The problem is that we then get jargon. Grammatical jargon. You see to understand a dead language you must always dissect the parts of speech, and so a whole language of analysis of language emerges. This language of analysis is entirely foreign to the original speakers of the language. Because we don't speak the dead language we don't have the implicit comprehension of the rules of the language, and the only way for us to comprehend is through jargon. The jargon of analysis of Biblical and Kingdom language varies depending on your theological or denominational bent. Among evangelicals the jargon of being "born again" of "walk" of "knowing Jesus" all supplant the actual language of Scripture.
Scripture is foreign to us as foreign as ancientGreece and ancient Israel. I loved the stories of the Bible as a child, but it was obvious to me then and is once again obvious to me now, that I am a foreigner to these texts. I have never lived in them, and no one every told me I should. I was to read them like ancient texts, amazing stories of things in the past, that somehow informed my present but the means of the connection was unclear. Given this approach to Scripture it should not amaze anyone that Bultmanian demythologizing tempted me for a while. After all if these are just ancient stories of what God did, and I am not supposed to actually live into the Israelites wandering in the desert or live into the shamed woman at the well, but simply extract the message they have for today, why keep all that troubling stuff of miracles and parting the red sea. Why are those particulars important if the language of the Bible is a dead language that has to be translated into current idiom? If the current idiom repudiates the possibility of those things, then why not abandon what gets in the way of understanding the message.
Now by the grace of the postmodern, I was saved from that route. I found myself friends with witches and pagans who believed in magic and ancient healing techniques, and some who believed in aliens, etc. The light of the enlightenment was waning as I entered college and I discovered this thing called Religious Studies that encouraged me to take seriously the religious experiences of the Hindus and Buddhists, the Muslims and "tribal"religions, shamans and witchdoctors. I was encouraged to write history papers about the encounters in Africa between Christianity and the indigenous religions and to take seriously accounts of phenomena inexliicable to science, such as brooms chasing a missionary out of his mission house, or prophets appearing among African peoples speaking of those who would come with a book to preach about the Creator Spirit. This lead me( though it does not lead everyone) to take seriously again the world of the Bible and the stories of the Saints.
But although this freed me from demythologizing and freed me to take seriously the Christian tradition, it still left me treating it all as an outsider.

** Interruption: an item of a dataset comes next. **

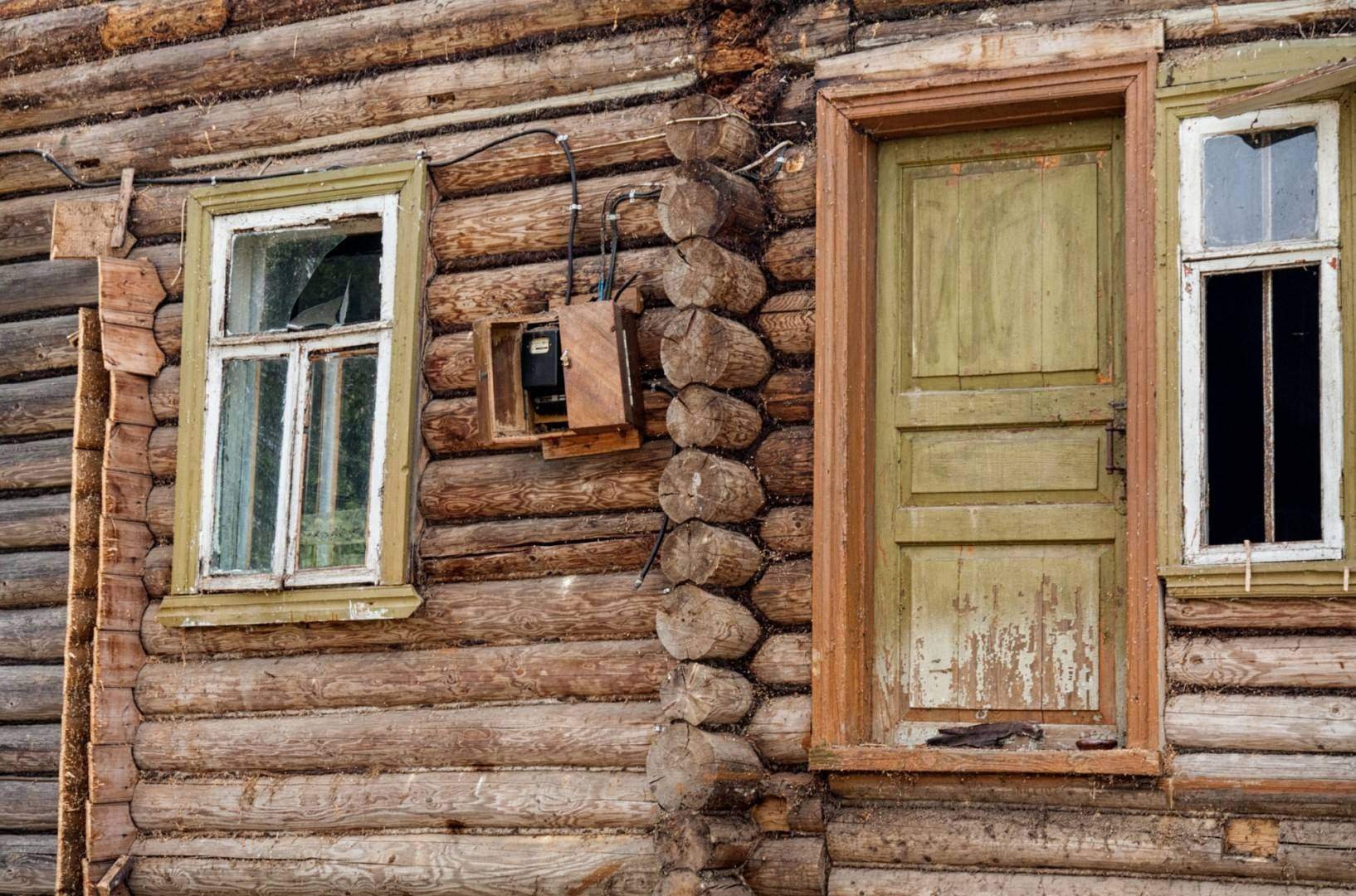 Перевесить входную дверь чтобы открывалась наружу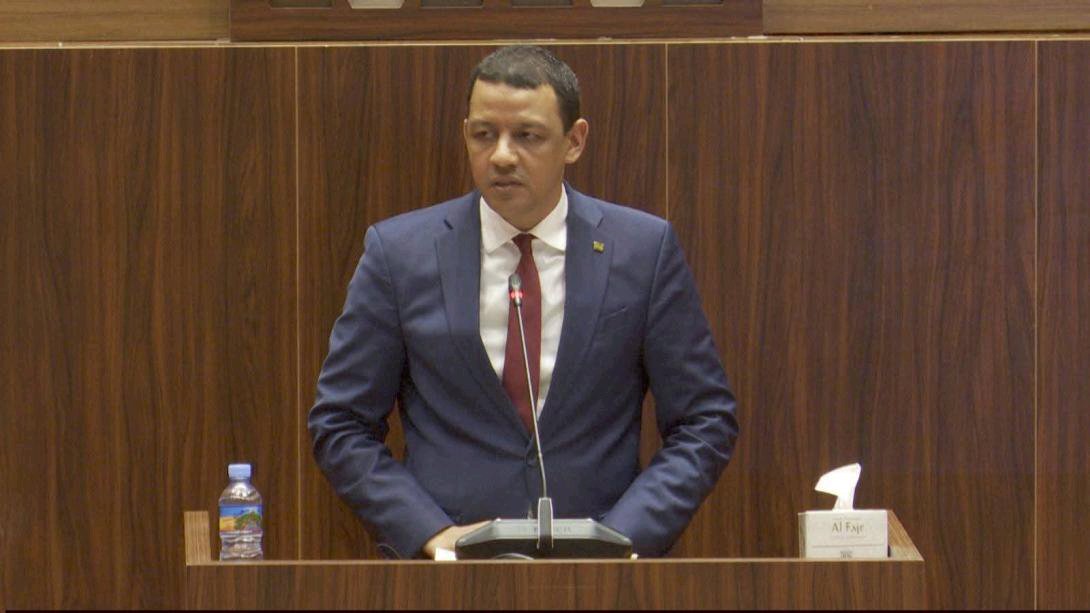 الحكومة تستبدل تطبيق "واتس آب" العالمي بتطبيق محلي جديد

And this is where I remain, where most of us who claim the name of Christ remain. You may deny it but it is true. Pastors our sermons attempt to take the language of scripture and translate it into the language of our age. At the moment that is why I think evangelicals are so enamored of the language of the postmodern, it both frees them from the enlightenment (or at least it seems to, but if you look closely postmodern religious studies remains so enlightenment it is just a broader enlightenment, still an outsider to the truly spiritual) and it is the language of the moment that the church must translate the "dead" language of the Kingdom into.